History, Literature, Music, Reviews

Review: Kehew, Lark in the Morning

jacket imageThe London Review of Books recently praised Robert Kehew’s Lark in the Morning: The Verses of the Troubadours, a Bilingual Edition. Barbara Newman wrote, "Only formal verse, respecting the troubadours’ metrical innovations and their prodigious achievements in sonority and rhyme, can hope to convey both their individual voices and their collecive charm. It is here that Robert Kehew’s anthology, Lark in the Morning, succeeds so brilliantly."

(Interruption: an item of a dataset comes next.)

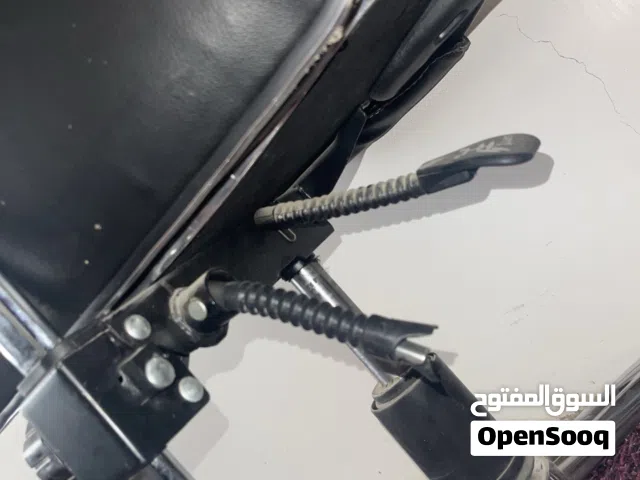 كرسي مكتبي متحرك بعجلات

Although the troubadours flourished at the height of the Middle Ages in southern France, their songs of romantic love, with pleasing melodies and intricate stanzaic patterns, have inspired poets and song writers ever since, from Dante to Chaucer, from Renaissance sonneteers to the Romantics, and from Verlaine and Rimbaud to modern rock lyricists. Yet despite the incontrovertible influence of the troubadours on the development of both poetry and music in the West, there existed no comprehensive anthology of troubadour lyrics that respected the verse form of the originals until now. Lark in the Morning honors the meter, word play, punning, and sound effects in the troubadours’ works while celebrating the often playful, bawdy, and biting nature of the material.